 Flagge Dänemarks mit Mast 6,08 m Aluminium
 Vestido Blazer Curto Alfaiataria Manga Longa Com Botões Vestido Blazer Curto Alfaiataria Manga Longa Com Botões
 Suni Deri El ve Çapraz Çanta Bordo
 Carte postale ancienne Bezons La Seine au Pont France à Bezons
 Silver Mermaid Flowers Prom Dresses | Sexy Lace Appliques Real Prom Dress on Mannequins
==
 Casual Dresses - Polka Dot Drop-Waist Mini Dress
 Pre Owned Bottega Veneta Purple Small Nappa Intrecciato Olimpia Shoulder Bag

PROMPT: Which lines of the data hold the string "Dresses"? Return each of them.

ANSWER:
 Silver Mermaid Flowers Prom Dresses | Sexy Lace Appliques Real Prom Dress on Mannequins
 Casual Dresses - Polka Dot Drop-Waist Mini Dress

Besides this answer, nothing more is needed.